• _Data provided_
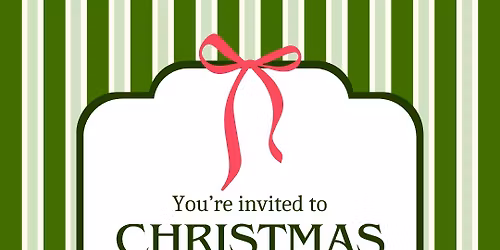 Christmas Open House at The Ivy Cottage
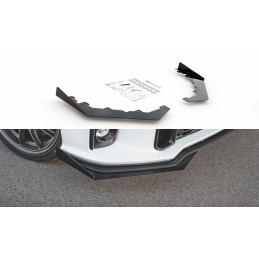 Maxton Design-Flaps Toyota GR Yaris Mk4 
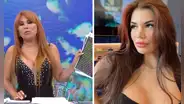 ¿Samantha Batallanos intentó ser amiga de Magaly Medina?: la conductora lo revela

• _Directions_
Reproduce the lines above exactly, image-free.

• _Answer to this problem_
 Christmas Open House at The Ivy Cottage
 Maxton Design-Flaps Toyota GR Yaris Mk4 
 ¿Samantha Batallanos intentó ser amiga de Magaly Medina?: la conductora lo revela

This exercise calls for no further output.